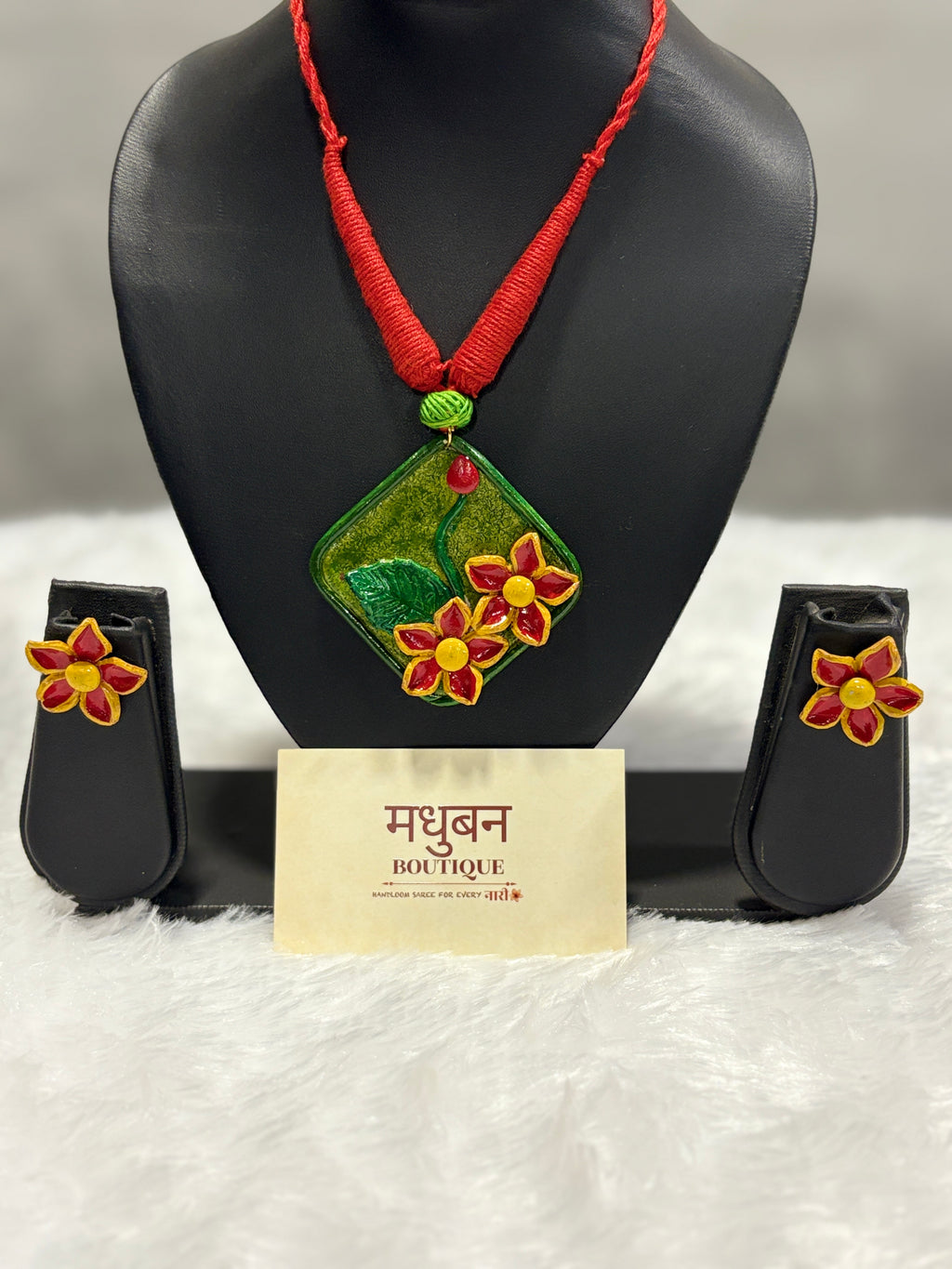 Polymer clay flower neckpiece| CJ003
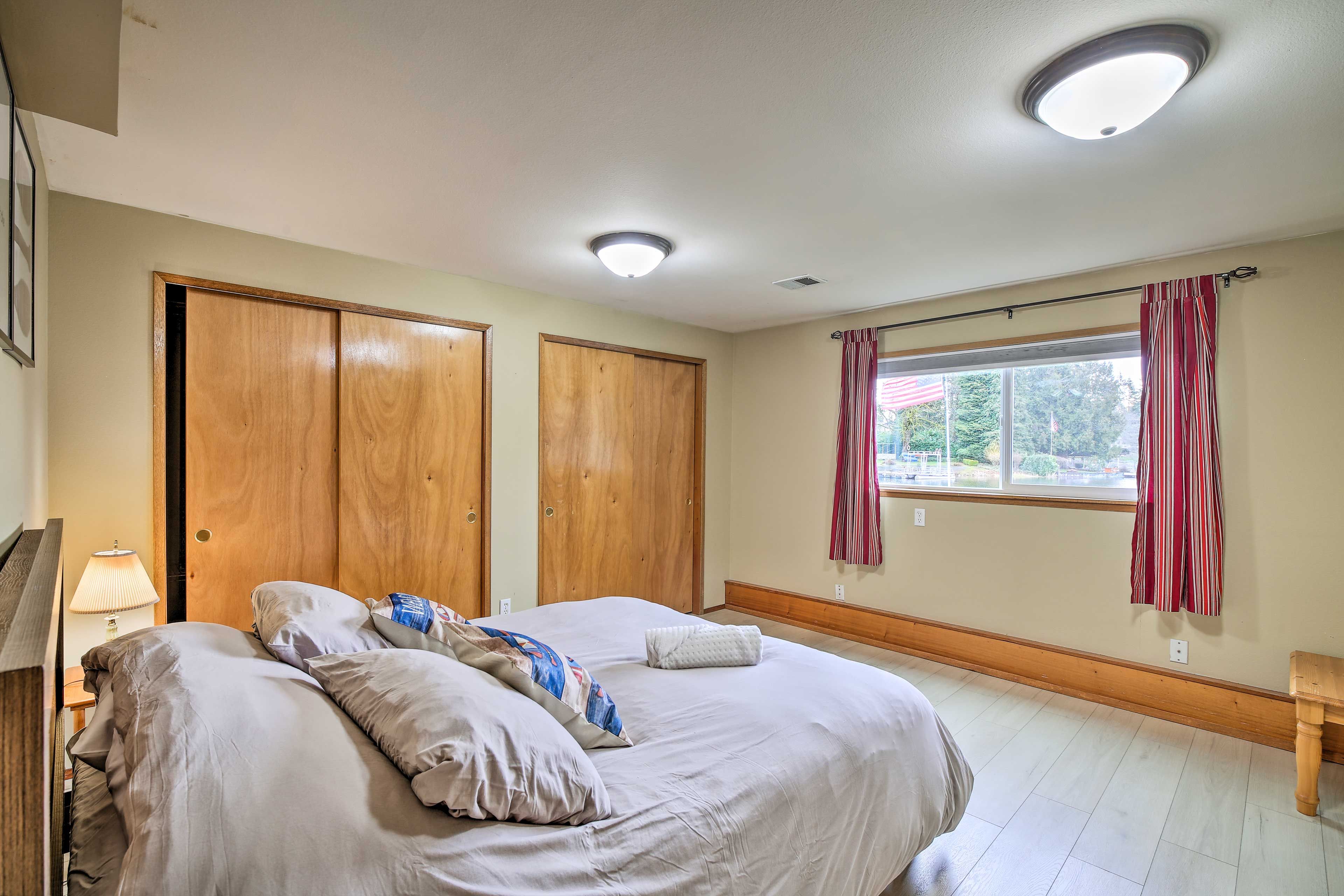 Bedroom 2 | Queen Bed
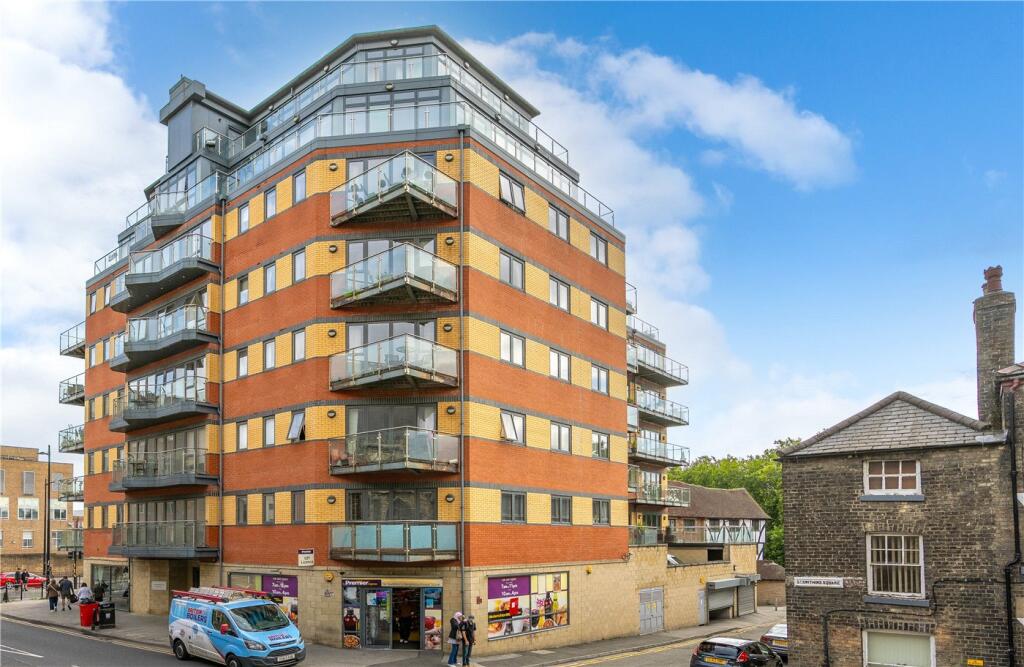 Main image of property: St. Swithins Square, Lincoln, Lincolnshire, LN2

_ _ _ _

The problem -
Exactly as written, return each line above and leave the pictures behind.

Output for this exercise -
 Polymer clay flower neckpiece| CJ003
 Bedroom 2 | Queen Bed
 Main image of property: St. Swithins Square, Lincoln, Lincolnshire, LN2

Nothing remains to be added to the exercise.